Gross profit margin is very useful for making comparisons with other similar companies, since each company has different sets of operating costs. A high gross margin represents a profitable product and indicators that more money is available for growing the business by investing in sales and marketing resources. Therefore, a company with a healthy gross margin but lower revenues may have better growth potential than another company with higher revenue but a low gross margin.
3. Customer Lifetime Value (LTV)
Key Questions Answered: What is the future net profit from this customer over the duration of the relationship? How much can our company spend on customer acquisition?
How to Calculate:
Contribution margin per customer (per month) = revenue from customer minus variable costs associated with a customer. Variable costs include selling, administrative and any operational costs associated with serving the customer.
Avg. life span of customer (in months) = 1 / by your monthly churn.
LTV = Contribution margin from customer multiplied by the average lifespan of customer.
Analysis: Lifetime value is the present value of the future net profit from the customer over the duration of the relationship. This is a key distinction to make, because a common mistake is to associate LTV as the present value of the revenue or gross margin associated with a customer. A true LTV calculation must also take into account other variable costs associated with selling or operational costs associated with servicing that customer.
Once calculated, LTV can and should be compared to other metrics like Customer Acquisition Cost (CAC). The comparison of LTV/CAC helps to put into context the net present value of future profits vs. what it actually costs to obtain and service this customer. A general rule is that an LTV/CAC ratio should be around 3:1. It is at this inflection point where there is a level of balance between customer value and the spend associated with acquiring a customer.
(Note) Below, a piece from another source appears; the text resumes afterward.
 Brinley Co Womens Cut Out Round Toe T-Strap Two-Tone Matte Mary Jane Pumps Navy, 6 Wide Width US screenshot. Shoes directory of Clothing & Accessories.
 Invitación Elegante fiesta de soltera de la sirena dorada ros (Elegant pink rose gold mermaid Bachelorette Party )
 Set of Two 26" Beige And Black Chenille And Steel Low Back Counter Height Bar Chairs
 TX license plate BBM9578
In fact, a higher LTV (such as 5:1) may even denote that your company is spending too little on customer acquisition, and could indicate that you are potentially losing out on business due to a lack of customer spend.
4. Deferred Revenue
Key Questions Answered: What is the cyclicality of my SaaS contracts? When does my business gain an influx of cash? How can I better manage the volatile nature of my SaaS contracts?
How to Calculate:
Deferred Revenue per Contract = Total Contract Value – Revenue Recognized on that Contract)
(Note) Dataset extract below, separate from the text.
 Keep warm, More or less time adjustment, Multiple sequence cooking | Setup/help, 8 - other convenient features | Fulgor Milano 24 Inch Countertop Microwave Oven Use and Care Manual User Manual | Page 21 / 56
Analysis: Deferred Revenue or Unearned Revenue, is advance payments a company receives for products/services to be delivered at a later time. Deferred revenue is primarily recognized on the balance sheet as a current liability, and once the product or service is delivered, then the portion of deferred revenue delivered is transferred to the income statement as revenue.
Early-stage SaaS companies can be extremely reliant on these types of upfront payments as they provide positive cash flow to the business, but they can also be extremely volatile in nature. It should also be noted that even though a company receives cash upfront, these cash payments must not be falsely equated with revenue. Once revenue is actually recorded, this is often a lagging indicator of company performance. For companies that structure contracts in this format, management needs to account for and continually revise their forward-looking sales projections to accurately project the associated business risk and expected revenue.